**Assignment:** What is needed is an exact copy of the records below, minus any pictures.

**Data extracts:**

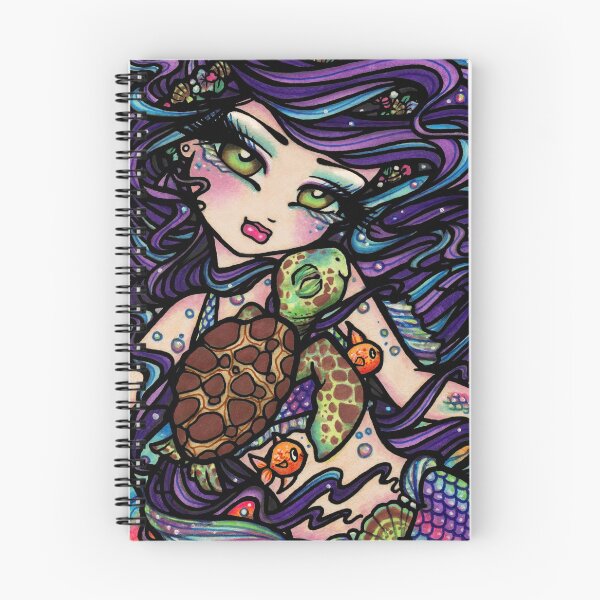 Item preview, Mermaid with Purple Hair and Turtle Friend Whimsical Fantasy Art designed and sold by hannahlynnart.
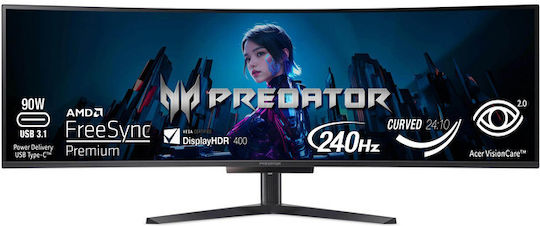 Acer Predator X49 Xbmipphuzx Ultrawide OLED HDR Curved Gaming Monitor 49" 5120x1440 240Hz με Χρόνο Απόκρισης 0.03ms GTG
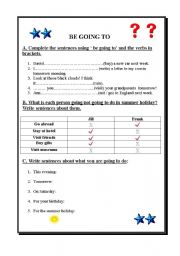 English Worksheet: Future Tense with be going to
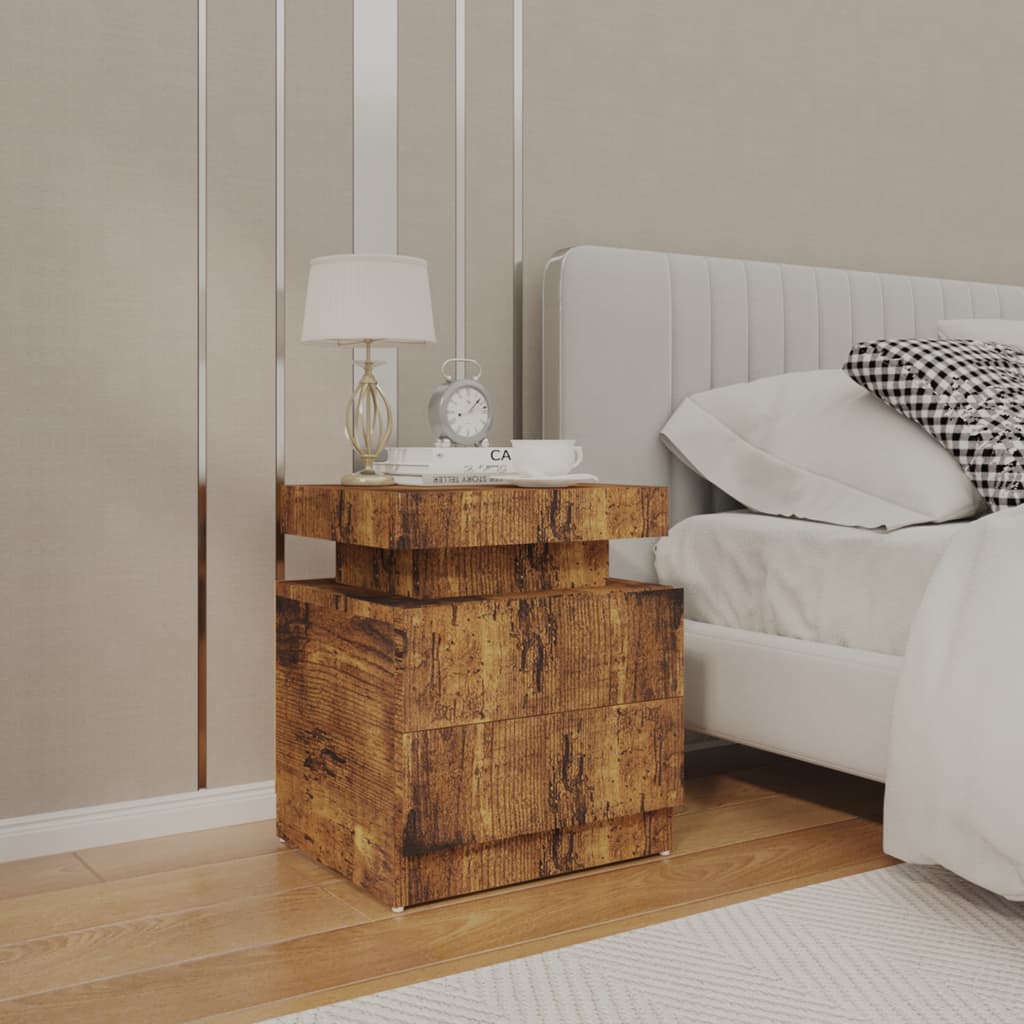 Bedside Cabinet Smoked Oak 45x35x52 cm Engineered Wood - Newstart Furniture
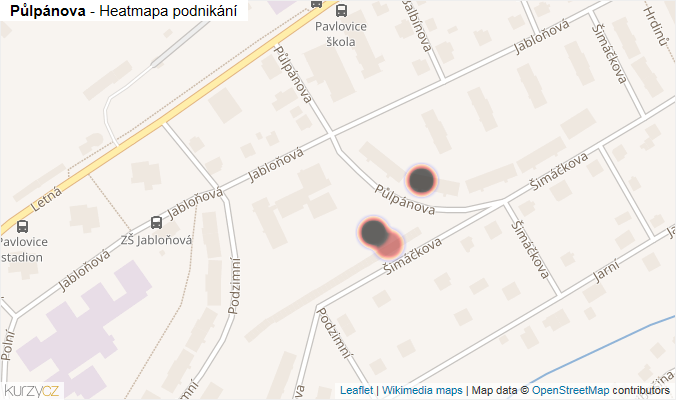 Mapa Půlpánova - Firmy v ulici.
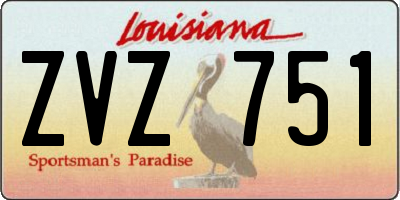 LA license plate ZVZ751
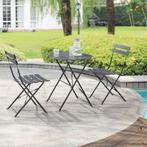 Bistroset Caprile metaal tuintafel met 2 tuinstoelen donkerg, Tuin en Terras, Verzenden, Nieuw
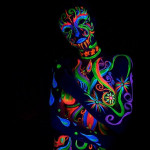 Vopsea glow uv albastru neon, formula non-toxica, pentru body painting, recipient 25 ml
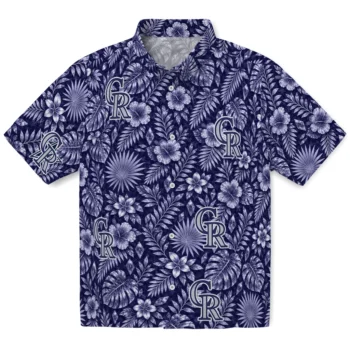 Colorado Rockies Hawaiian Shirt - Crystal Foliage Blue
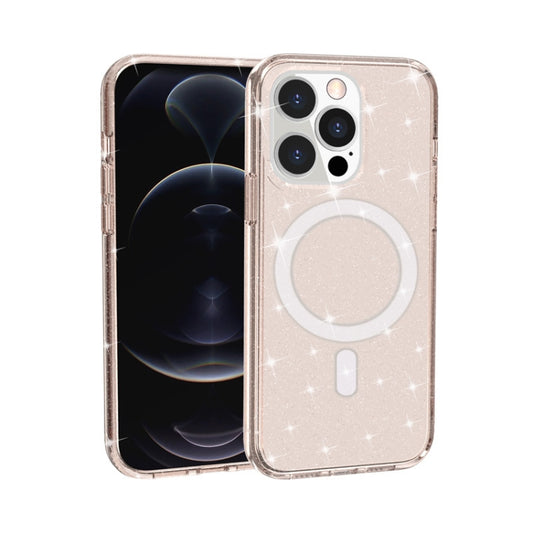 For iPhone 13 Pro Terminator Style Glitter Powder MagSafe Magnetic Phone Case (Gold) - iPhone 13 Pro Cases by buy2fix | Online Shopping UK | buy2fix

**Solved problem:**
 Item preview, Mermaid with Purple Hair and Turtle Friend Whimsical Fantasy Art designed and sold by hannahlynnart.
 Acer Predator X49 Xbmipphuzx Ultrawide OLED HDR Curved Gaming Monitor 49" 5120x1440 240Hz με Χρόνο Απόκρισης 0.03ms GTG
 English Worksheet: Future Tense with be going to
 Bedside Cabinet Smoked Oak 45x35x52 cm Engineered Wood - Newstart Furniture
 Mapa Půlpánova - Firmy v ulici.
 LA license plate ZVZ751
 Bistroset Caprile metaal tuintafel met 2 tuinstoelen donkerg, Tuin en Terras, Verzenden, Nieuw
 Vopsea glow uv albastru neon, formula non-toxica, pentru body painting, recipient 25 ml
 Colorado Rockies Hawaiian Shirt - Crystal Foliage Blue
 For iPhone 13 Pro Terminator Style Glitter Powder MagSafe Magnetic Phone Case (Gold) - iPhone 13 Pro Cases by buy2fix | Online Shopping UK | buy2fix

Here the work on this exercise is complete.